Natural product guides that write about the use of yucca for medicinal purposes note that using yucca (or yucca extract) must be combined with a healthy diet and exercise program in order to benefit from any effect. So it is unclear if it is the yucca consumption or the lifestyle changes that provide a benefit.
Yucca is sometimes on the skin to reduce inflammation, bleeding, sprains, broken limbs, joint pain, baldness, and dandruff. There is some evidence to support the anti-inflammatory benefits and anti-arthritic effects of yucca. However, in published research, scientists state that more research is needed to verify these benefits in humans.
There is some evidence that using yucca topically may help alleviate skin sores, specifically herpes simplex virus type 1 and type 2. But more research on humans is needed.
Common Questions: How do you say “yucca”?

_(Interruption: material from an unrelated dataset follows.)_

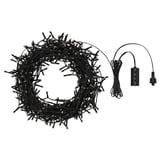 Image GETKÅL led light set. Black with small white lights. Includes control box and plug.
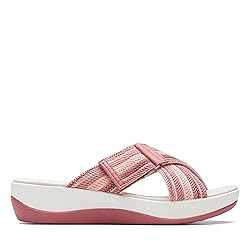 Clarks Women's Arla Wave Slide Sandal, Dusty Rose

The proper pronunciation of the word depends on the type of yucca that you are referring to. When you are talking about the plant with long, spear-like leaves, it is pronounced “yuck-ka.” However, if you are referring to yuca or the cassava root vegetable, it is pronounced “yoo-ka.”
How and where can I buy yucca?
Some—but not all—grocery stores sell yucca in the produce section of the market. You’ll find yucca near other root vegetables like potatoes, turnips, or yams. Look for a reddish-brown, club-shaped vegetable that is firm and solid and has few blemishes. Keep in mind that the bark-like skin is removed before cooking, so dirt or mild blemishes are not a problem.
What does yucca taste like?
Yucca has a starchy taste and texture similar to that of a potato, but it is slightly sweeter and nuttier than a potato.
Recipes and Preparation Tips
The most common way to prepare yucca is to fry it. However, this adds fat and calories to the food, so the National Institutes of Health and other nutrition organizations provide recipes to bake yuca fries instead. A single serving of baked yuca fries provides under 100 calories and about 1 gram of fat.
You can also boil yucca and season with salt or use it in the same ways that you might use a potato.
Allergies and Interactions
Yucca is likely safe when consumed in amounts typically found in food. Certain types of yucca (Mojave yucca and Joshua tree) are recognized as GRAS (Generally Recognized as Safe) by the USDA.
According to medical sources, yucca is likely to be safe for consumption but may cause diarrhoea if consumed in excess. Also, it is not known if yucca is safe for those with severe liver or kidney disease, children, and pregnant or nursing women.